ARM’s Cortex-R series takes on a range of applications from safety critical systems like automotive driver assistance systems (ADAS) to 5G wireless. The Cortex-R provides a deterministic platform like the Cortex-M that does not include features like virtual memory and virtual machine (VM) support found in the Cortex-A series. The Cortex-R platform adds additional safety and reliability features like the ability to link two cores in a lockstep mode.
ARM’s latest Cortex-R52 architecture extends the Cortex-R series to include partitioned systems (Fig. 1) that can help reduce software complexity by allowing developers to isolation operating systems applications. This approach is common on the Cortex-A series with its VM hypervisor support, but that is impractical in an environment where determinism is a primary requirement. Even virtual memory support cannot be used in this environment, because a cache miss results in a non-determinant delay to retrieve information.
The Cortex-R52 is a 32-bit platform with up to four cores (Fig. 2). Multiple cores can be linked in lock-step mode or used independently. The system uses a shared address space and a new mode is added to manage the partition system that is logically like the VM support on the Cortex-A. The main difference is the use of a memory management unit (MMU) with single memory space for deterministic access. A partition has system limited memory access and an ID that can be utilized by peripheral IP in a chip.
The Cortex-R52 improves on the interrupt and context switching of the Cortex-R5. The Cortex-R52 is twice as fast on interrupt response and 14 times faster for context switching.

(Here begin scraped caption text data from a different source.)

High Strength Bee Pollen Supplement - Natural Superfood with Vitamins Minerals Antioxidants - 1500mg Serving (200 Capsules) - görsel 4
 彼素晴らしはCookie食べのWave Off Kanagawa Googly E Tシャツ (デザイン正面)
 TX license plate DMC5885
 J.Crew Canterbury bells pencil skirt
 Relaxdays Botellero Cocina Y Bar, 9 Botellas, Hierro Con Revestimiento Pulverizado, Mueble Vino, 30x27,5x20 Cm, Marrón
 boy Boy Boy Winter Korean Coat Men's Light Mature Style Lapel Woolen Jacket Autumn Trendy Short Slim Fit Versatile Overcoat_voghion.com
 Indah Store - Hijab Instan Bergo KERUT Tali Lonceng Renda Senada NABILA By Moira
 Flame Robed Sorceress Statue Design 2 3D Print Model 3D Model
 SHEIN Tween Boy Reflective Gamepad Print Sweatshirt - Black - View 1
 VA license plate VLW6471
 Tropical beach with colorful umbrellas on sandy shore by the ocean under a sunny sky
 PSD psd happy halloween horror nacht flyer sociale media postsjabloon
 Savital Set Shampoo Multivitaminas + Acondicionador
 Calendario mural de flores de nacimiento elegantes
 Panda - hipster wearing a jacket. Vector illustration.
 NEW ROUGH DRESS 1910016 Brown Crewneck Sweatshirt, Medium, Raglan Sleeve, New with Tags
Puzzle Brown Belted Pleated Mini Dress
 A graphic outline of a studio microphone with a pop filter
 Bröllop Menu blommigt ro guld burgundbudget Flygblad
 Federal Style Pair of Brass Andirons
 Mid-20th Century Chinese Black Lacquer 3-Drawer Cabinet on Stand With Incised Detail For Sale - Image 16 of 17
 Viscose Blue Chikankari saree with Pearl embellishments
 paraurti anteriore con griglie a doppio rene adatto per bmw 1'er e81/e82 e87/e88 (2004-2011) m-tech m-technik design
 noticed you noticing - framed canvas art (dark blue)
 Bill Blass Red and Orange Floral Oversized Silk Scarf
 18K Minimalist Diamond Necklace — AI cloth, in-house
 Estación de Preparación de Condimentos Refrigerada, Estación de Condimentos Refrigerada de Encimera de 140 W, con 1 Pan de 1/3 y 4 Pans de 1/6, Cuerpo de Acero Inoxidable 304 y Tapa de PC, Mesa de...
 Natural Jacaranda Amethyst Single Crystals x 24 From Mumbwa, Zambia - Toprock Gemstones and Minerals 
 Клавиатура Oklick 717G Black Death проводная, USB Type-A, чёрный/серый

The Cortex-R family is designed for functional safety oriented applications like automotive, industrial, and healthcare. The Cortex-R52 addresses standards like IEC 61508, ISO 26262, IEC 60601, EN 50129, and DO-254. It has ECC on internal memory and buses. The system comes with software BIST (built-in self-test) libraries.
The Cortex-R52 represents a major step forward in safety and high-reliability embedded computing. It will allow multiple applications and real time operating systems to be run simultaneously in isolated environments. As well, it will allow consolidation of hardware for critical applications like ADAS.